Llegué al Benito Juárez al mediodía. Nos internamos en la sempiterna nube gris que cubre a la ciudad y de pronto aterrizamos. Taxeando por la pista el piloto anunció la hora local y el clima –’como pueden ver, brumoso’. El poder del eufemismo.
Mientras caminaba por el gusano, me llegó El Olor, esa mezcla endemoniada de humo y frijoles que es el aroma de este lugar. ‘Bienvenido a la pinche Ciudad de México’ –dije mientras advertía que a través de las ventanillas intermitentes del gusano, los edificios que circundan al aeropuerto apenas podían distinguirse en el smog.
Retrocediendo en la historia, la última semana en Venezuela puedo contar en horas el tiempo que pasé en mi casa. Seis días, cinco ciudades, 9 viajes en avión y un regreso desde Barquisimeto a Caracas en autobús, uno como en el que me monté al salir del Benito Juárez –en la sección de fumadores, pues no había más puestos– rumbo a Cuernavaca.
El sábado en Barquisimeto fue la gloria. Almorcé en casa de mi tía con una de mis primas, sus hijos y sobrinos. Sentí que era un regalo, un último regalo, como si hubiese renunciado al derecho de tener una familia funcional y numerosa y esa fuese una muestra apacible/diabólica de lo que había perdido. Ademas, comí con mi ahijado –seis años– una de las pocas personas en el mundo con quien puedo comunicarme.
Una vez en el Casino de la Selva, manejé con cierta destreza los intentos de los locales para dejarme sin equipaje y conseguir el taxi a Tepetzingo por un monto que repetí no menos de cinco veces con el desgano de quien acepta que la trampa es el estilo de vida de mucha gente.
Llegué y saludé a quién tenía que saludar, todos me devolvieron el saludo como si no hubiese estado fuera más de un par de días. Efectivamente así parecía, detenidos en el tiempo, los mismos papeles atrasados en los mismos lugares. Resolví un par de detalles técnicos acerca de mi estadía, abrí la computadora y mientras booteaba, salí al jardín que queda detrás de la oficina.
Pausa.
Recordé un sábado, no hace mucho, cuando me quité los zapatos y caminé por esa grama puntiaguda antes de acostarme para ver las nubes que disfrutaban del privilegio de no tener consciencia.

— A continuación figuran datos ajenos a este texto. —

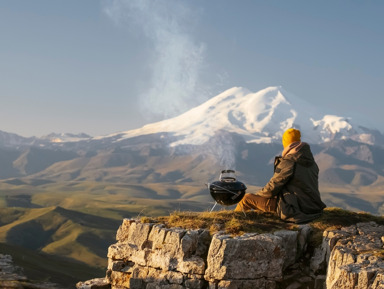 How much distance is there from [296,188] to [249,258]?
11.6ft

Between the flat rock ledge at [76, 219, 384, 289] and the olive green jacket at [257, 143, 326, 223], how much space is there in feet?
2.82

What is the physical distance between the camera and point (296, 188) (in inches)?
645

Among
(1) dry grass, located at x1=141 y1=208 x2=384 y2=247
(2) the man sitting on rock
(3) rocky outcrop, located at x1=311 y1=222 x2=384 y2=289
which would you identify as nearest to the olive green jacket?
(2) the man sitting on rock

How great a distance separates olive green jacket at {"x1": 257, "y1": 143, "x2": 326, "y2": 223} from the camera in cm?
1623

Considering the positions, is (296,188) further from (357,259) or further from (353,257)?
(357,259)

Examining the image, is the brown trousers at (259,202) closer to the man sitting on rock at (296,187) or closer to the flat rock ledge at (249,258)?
the man sitting on rock at (296,187)

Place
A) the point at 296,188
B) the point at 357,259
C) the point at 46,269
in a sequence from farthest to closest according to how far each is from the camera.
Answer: the point at 46,269, the point at 296,188, the point at 357,259

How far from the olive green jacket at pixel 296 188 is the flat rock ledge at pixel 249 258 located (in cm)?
86

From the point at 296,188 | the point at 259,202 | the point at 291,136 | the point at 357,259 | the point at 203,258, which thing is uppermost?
the point at 291,136

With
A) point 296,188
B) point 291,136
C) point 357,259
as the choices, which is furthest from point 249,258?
point 291,136

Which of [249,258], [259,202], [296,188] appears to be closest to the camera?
[249,258]

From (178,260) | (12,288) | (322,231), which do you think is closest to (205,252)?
(178,260)

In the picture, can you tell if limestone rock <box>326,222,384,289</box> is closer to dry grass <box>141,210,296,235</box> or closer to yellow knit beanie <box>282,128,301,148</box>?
dry grass <box>141,210,296,235</box>

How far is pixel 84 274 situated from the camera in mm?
115625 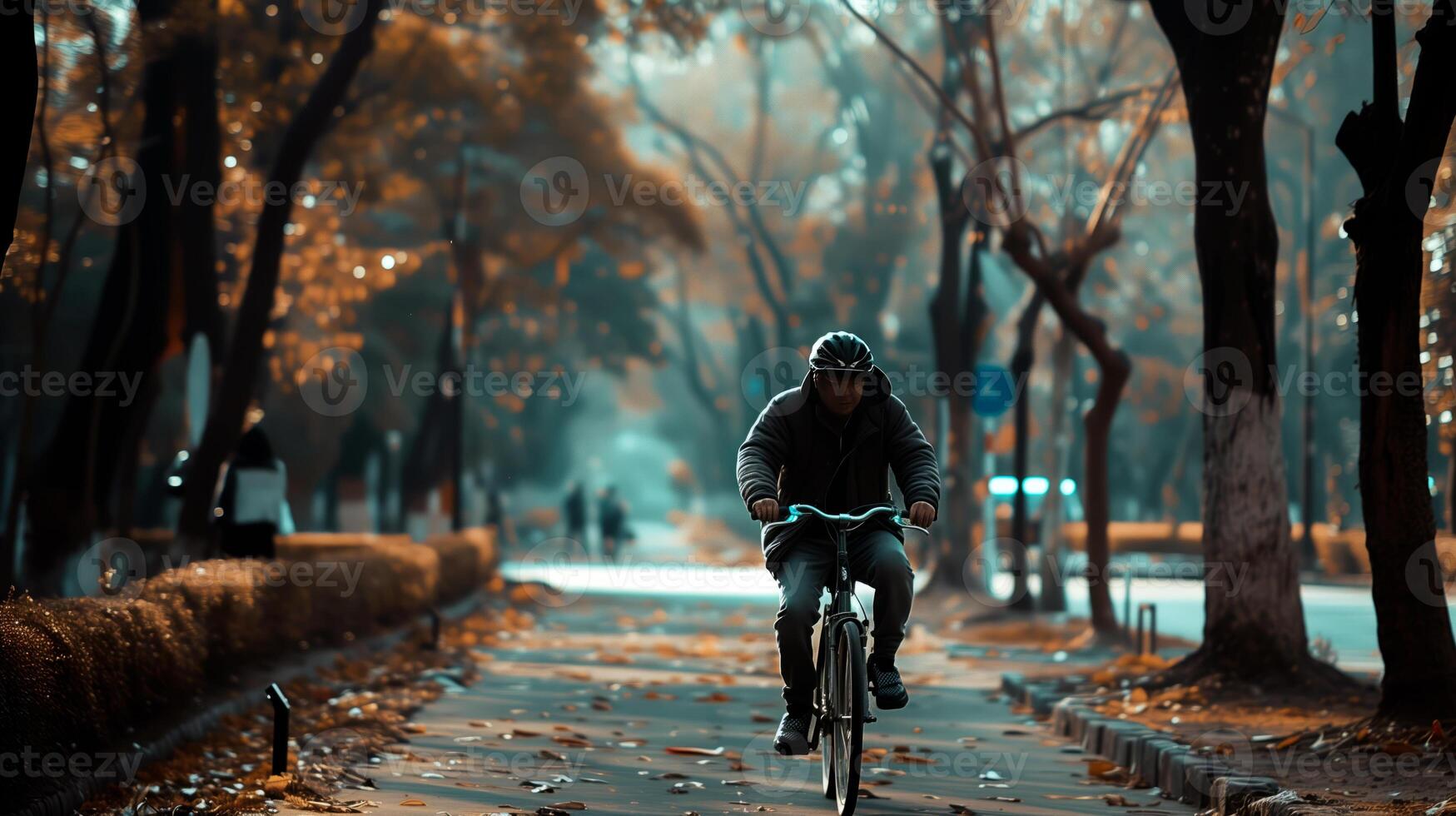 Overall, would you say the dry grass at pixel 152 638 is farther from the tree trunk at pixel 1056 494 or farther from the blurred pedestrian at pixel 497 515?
the blurred pedestrian at pixel 497 515

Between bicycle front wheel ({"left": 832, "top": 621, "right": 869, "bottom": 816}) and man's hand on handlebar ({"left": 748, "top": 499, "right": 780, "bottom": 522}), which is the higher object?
man's hand on handlebar ({"left": 748, "top": 499, "right": 780, "bottom": 522})

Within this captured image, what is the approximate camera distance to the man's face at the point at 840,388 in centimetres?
844

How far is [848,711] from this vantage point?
8055 millimetres

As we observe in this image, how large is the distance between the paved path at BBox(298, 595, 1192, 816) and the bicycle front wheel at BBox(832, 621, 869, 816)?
31 centimetres

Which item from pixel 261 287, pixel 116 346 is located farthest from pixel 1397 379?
pixel 116 346

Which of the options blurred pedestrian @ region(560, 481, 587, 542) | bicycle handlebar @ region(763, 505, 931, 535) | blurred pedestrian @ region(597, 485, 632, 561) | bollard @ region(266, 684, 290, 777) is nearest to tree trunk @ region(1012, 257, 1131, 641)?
bicycle handlebar @ region(763, 505, 931, 535)

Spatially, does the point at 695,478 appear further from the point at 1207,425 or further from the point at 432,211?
the point at 1207,425

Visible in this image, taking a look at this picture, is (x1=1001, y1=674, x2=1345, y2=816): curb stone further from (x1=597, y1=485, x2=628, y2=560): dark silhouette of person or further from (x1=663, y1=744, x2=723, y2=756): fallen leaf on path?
(x1=597, y1=485, x2=628, y2=560): dark silhouette of person

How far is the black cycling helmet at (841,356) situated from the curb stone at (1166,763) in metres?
2.51

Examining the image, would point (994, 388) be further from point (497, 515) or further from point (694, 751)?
point (497, 515)

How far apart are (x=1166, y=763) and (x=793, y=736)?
2273mm

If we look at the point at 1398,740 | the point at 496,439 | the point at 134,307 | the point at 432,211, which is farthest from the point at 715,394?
the point at 1398,740

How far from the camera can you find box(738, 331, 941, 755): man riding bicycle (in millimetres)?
8258

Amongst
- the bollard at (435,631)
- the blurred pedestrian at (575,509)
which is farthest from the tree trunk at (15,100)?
the blurred pedestrian at (575,509) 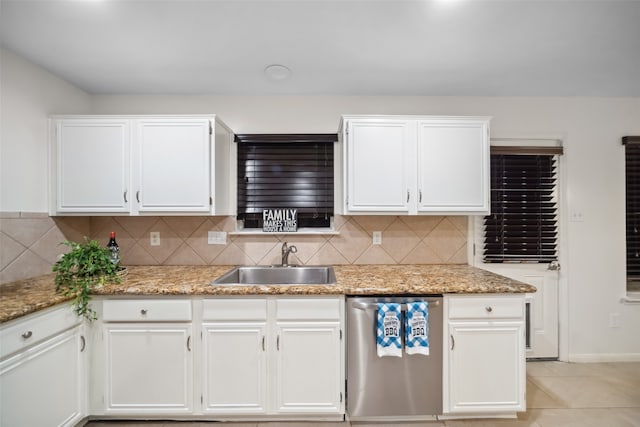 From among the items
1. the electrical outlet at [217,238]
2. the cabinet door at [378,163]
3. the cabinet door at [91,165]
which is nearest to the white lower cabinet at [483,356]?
the cabinet door at [378,163]

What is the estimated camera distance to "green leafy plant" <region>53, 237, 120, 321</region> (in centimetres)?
179

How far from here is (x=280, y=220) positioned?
262 cm

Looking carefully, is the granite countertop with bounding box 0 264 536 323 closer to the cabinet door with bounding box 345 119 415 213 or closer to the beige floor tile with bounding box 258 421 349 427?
the cabinet door with bounding box 345 119 415 213

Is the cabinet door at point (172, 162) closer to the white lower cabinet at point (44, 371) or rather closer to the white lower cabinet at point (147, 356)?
the white lower cabinet at point (147, 356)

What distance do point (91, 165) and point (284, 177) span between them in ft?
4.76

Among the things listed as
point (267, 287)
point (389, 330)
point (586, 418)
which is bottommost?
point (586, 418)

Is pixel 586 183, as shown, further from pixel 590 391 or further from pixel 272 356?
pixel 272 356

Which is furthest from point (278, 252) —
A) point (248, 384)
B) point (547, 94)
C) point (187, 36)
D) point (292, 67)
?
point (547, 94)

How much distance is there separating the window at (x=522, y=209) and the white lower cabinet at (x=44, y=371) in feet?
10.3

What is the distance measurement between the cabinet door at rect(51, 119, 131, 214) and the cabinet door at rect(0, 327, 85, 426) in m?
0.93

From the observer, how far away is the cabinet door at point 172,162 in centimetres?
223

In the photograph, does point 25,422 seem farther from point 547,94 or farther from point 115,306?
point 547,94

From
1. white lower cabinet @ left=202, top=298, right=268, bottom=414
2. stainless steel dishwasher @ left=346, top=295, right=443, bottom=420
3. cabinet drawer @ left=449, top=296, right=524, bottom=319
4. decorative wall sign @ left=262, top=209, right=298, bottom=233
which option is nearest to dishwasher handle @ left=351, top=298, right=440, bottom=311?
stainless steel dishwasher @ left=346, top=295, right=443, bottom=420

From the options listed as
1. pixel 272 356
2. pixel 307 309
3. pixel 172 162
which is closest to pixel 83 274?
pixel 172 162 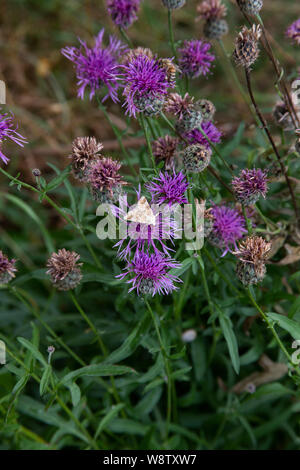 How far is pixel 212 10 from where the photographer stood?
6.75 ft

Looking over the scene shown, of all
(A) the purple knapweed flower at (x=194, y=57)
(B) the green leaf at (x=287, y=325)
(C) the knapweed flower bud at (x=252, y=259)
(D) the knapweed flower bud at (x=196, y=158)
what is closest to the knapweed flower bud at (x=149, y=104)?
(D) the knapweed flower bud at (x=196, y=158)

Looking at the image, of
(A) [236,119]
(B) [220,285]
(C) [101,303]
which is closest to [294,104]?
(B) [220,285]

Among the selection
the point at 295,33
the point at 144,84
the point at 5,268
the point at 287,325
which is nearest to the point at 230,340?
the point at 287,325

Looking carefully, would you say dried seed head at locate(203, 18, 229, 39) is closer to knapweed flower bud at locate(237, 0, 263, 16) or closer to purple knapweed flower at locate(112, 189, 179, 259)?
knapweed flower bud at locate(237, 0, 263, 16)

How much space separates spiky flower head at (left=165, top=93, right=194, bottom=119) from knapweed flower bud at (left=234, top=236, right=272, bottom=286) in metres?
0.50

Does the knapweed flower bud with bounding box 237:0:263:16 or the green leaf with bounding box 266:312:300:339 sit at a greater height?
the knapweed flower bud with bounding box 237:0:263:16

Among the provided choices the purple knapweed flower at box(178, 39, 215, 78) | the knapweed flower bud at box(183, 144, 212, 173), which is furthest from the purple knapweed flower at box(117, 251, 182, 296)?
the purple knapweed flower at box(178, 39, 215, 78)

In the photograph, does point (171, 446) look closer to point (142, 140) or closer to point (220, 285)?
point (220, 285)

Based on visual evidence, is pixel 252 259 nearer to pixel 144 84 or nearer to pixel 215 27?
pixel 144 84

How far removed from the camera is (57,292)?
2766 mm

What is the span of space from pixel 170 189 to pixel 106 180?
0.70ft

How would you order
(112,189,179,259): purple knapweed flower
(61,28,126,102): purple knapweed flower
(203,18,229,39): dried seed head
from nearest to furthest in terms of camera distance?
1. (112,189,179,259): purple knapweed flower
2. (61,28,126,102): purple knapweed flower
3. (203,18,229,39): dried seed head

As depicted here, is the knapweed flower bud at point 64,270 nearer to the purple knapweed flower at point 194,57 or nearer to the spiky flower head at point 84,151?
the spiky flower head at point 84,151

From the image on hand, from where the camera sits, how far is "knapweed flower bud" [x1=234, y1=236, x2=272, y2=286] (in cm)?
155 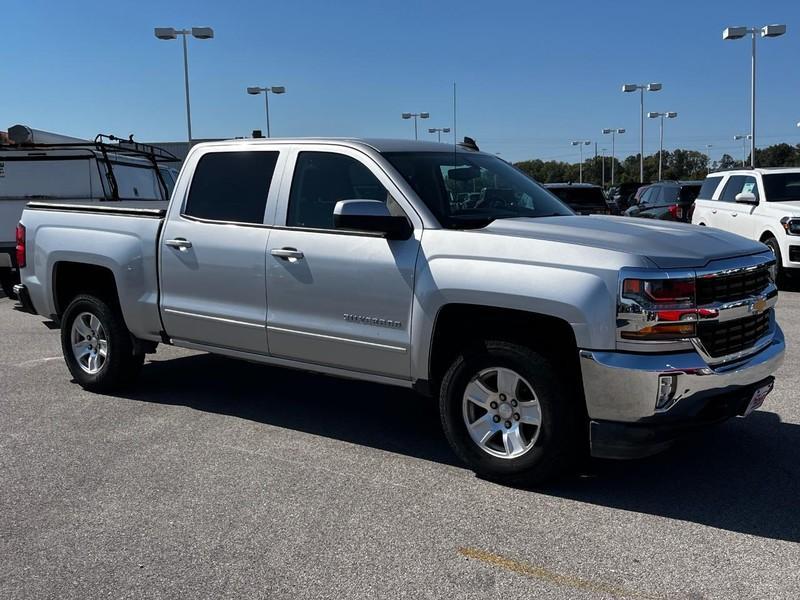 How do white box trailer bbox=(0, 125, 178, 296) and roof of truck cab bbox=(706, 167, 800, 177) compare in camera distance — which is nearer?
white box trailer bbox=(0, 125, 178, 296)

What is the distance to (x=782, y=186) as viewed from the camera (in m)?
13.0

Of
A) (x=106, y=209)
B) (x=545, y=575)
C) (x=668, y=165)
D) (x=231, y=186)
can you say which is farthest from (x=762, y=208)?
(x=668, y=165)

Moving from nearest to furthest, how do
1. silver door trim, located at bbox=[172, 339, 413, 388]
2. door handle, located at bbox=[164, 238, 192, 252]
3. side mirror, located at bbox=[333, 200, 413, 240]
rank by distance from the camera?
1. side mirror, located at bbox=[333, 200, 413, 240]
2. silver door trim, located at bbox=[172, 339, 413, 388]
3. door handle, located at bbox=[164, 238, 192, 252]

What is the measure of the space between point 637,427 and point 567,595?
104cm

Pisé la grama. Al frente, seis silos gigantescos, cilindros perfectos de concreto, majestuosos y silentes con la certeza de que su estructura nos sobrevivirá quizás por cien o doscientos años; al fondo, las montañas de la meseta central. A mi lado, desde la oscuridad de un árbol frondoso provenían decenas de graznidos. Un cuervo salió de entre las hojas y levantó vuelo, luego otro. Los vi volar, práctica de maniobras predatorias contra el cielo azul pálido. A pesar de los hitos, pensé con miedo y resignación, no sabía exactamente dónde estaba; pero eso no era lo grave, lo grave era que estaba completamente convencido de que esos cuervos sí sabían con toda seguridad dónde estaban ellos, y por consiguiente, yo.